▸ TASK: Output must consist only of the lines of the material below from the one with "this 1200×840 image." through the one with "this 414×589 image.", each reproduced exactly; no pictures belong in it.

▸ INPUT RECORDS:
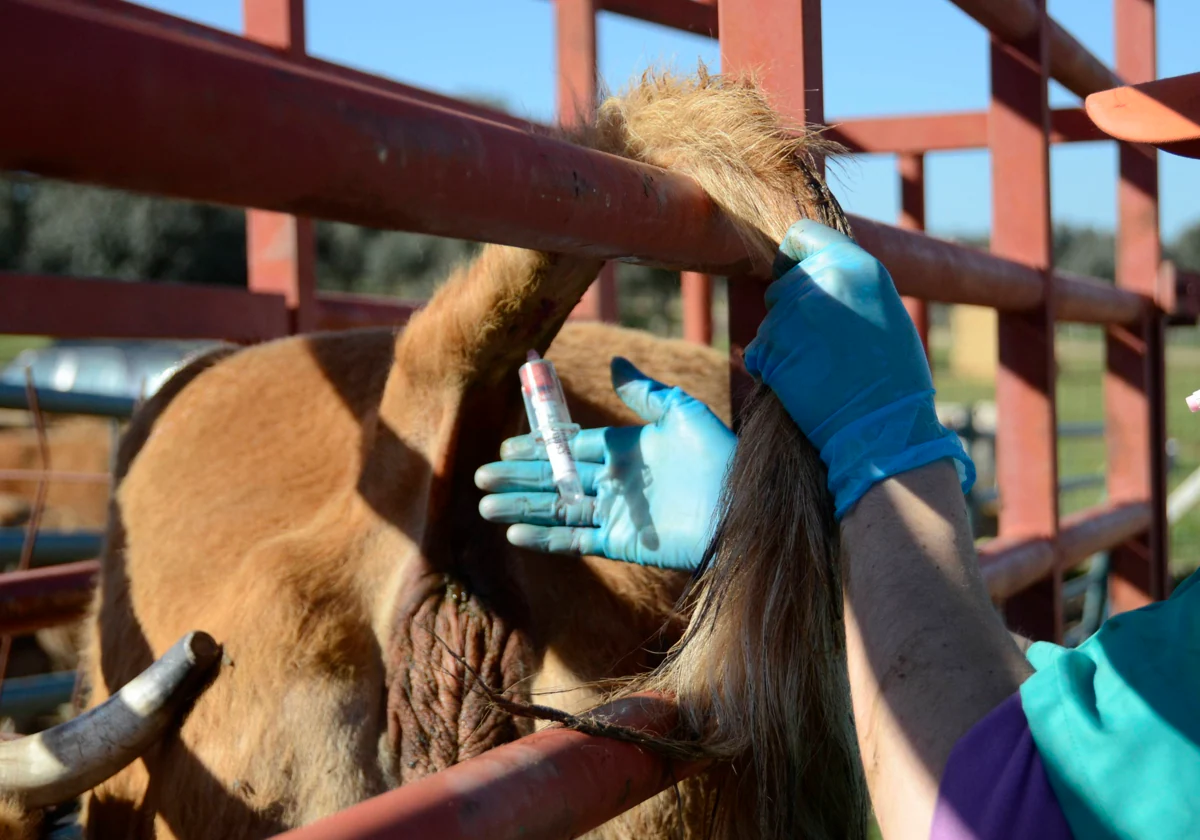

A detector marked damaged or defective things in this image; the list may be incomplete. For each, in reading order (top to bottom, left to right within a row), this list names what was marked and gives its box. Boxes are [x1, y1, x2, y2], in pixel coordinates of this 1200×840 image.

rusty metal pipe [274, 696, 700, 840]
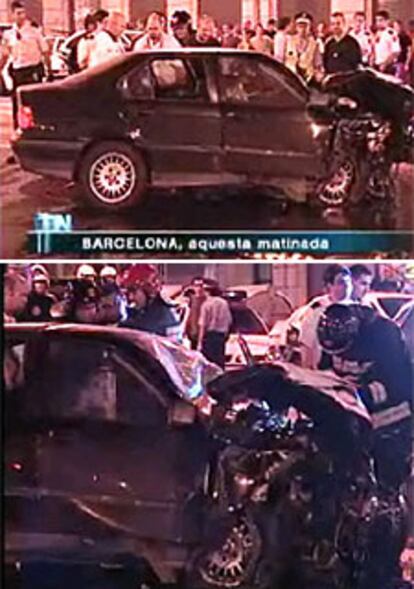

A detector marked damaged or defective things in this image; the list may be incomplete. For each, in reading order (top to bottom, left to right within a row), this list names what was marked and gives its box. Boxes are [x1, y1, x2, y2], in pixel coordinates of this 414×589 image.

--

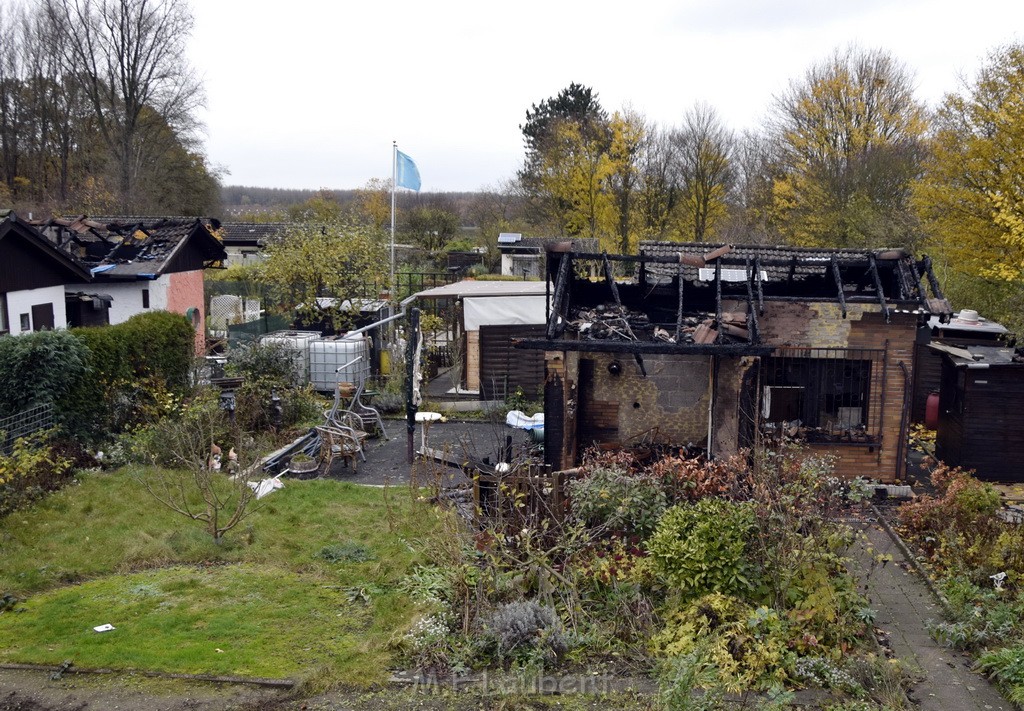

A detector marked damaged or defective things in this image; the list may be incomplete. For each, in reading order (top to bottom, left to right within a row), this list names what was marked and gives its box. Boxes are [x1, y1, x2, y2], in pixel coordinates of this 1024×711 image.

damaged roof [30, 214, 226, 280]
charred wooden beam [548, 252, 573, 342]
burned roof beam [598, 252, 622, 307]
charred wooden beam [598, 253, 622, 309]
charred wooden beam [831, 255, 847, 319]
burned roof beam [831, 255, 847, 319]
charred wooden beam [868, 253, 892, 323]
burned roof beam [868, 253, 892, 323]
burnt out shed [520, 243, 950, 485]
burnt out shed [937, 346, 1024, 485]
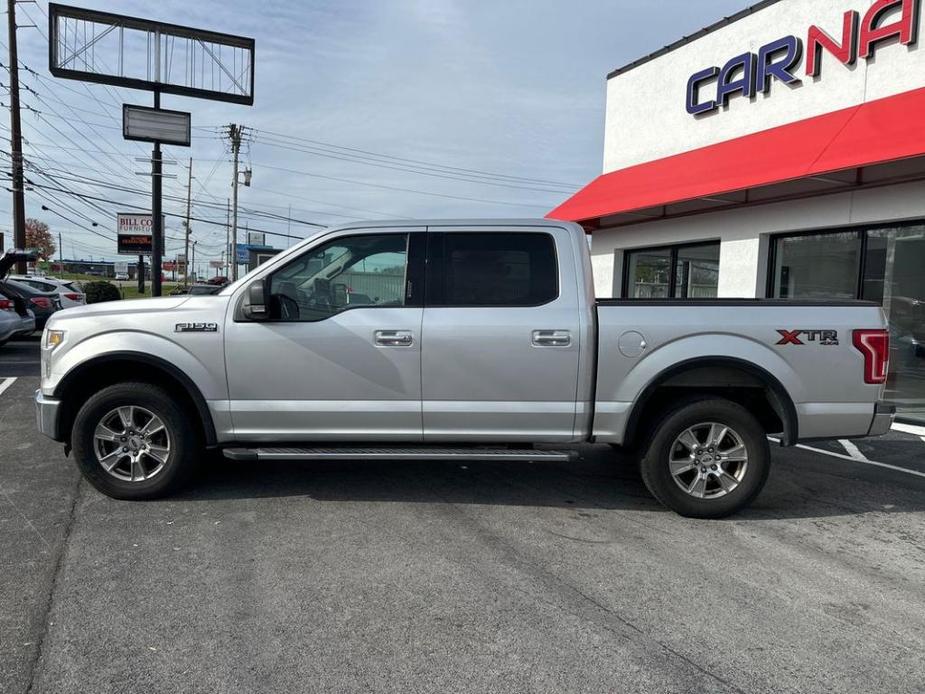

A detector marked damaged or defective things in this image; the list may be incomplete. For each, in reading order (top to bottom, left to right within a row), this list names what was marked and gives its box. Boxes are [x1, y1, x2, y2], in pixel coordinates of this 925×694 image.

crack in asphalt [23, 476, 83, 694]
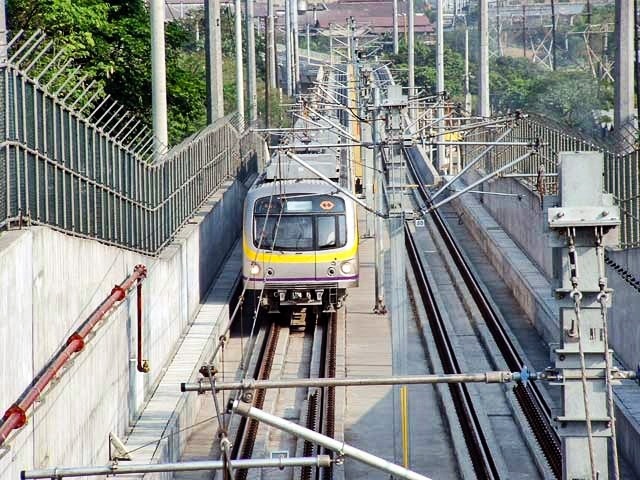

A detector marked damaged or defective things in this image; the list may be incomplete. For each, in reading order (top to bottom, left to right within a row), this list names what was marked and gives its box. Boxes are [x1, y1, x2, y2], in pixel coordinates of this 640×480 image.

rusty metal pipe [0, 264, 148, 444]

▸ THE COMPLETED TASK:
A detector marked damaged or defective things in this image; the list may be incomplete. For each, in reading order (top to bottom, left to right within a row), this list names what was marked and gives its box. Boxes are [x1, y1, x2, y2], in pixel coordinates of this 1200×840 image.

rusty metal pipe [274, 696, 700, 840]

A detector marked damaged or defective things in this image; the list may be incomplete. For each, in reading order (top to bottom, left to right within a row), this list names what was marked and gives its box. Boxes are [x1, y1, x2, y2], in pixel coordinates of this 414×589 image.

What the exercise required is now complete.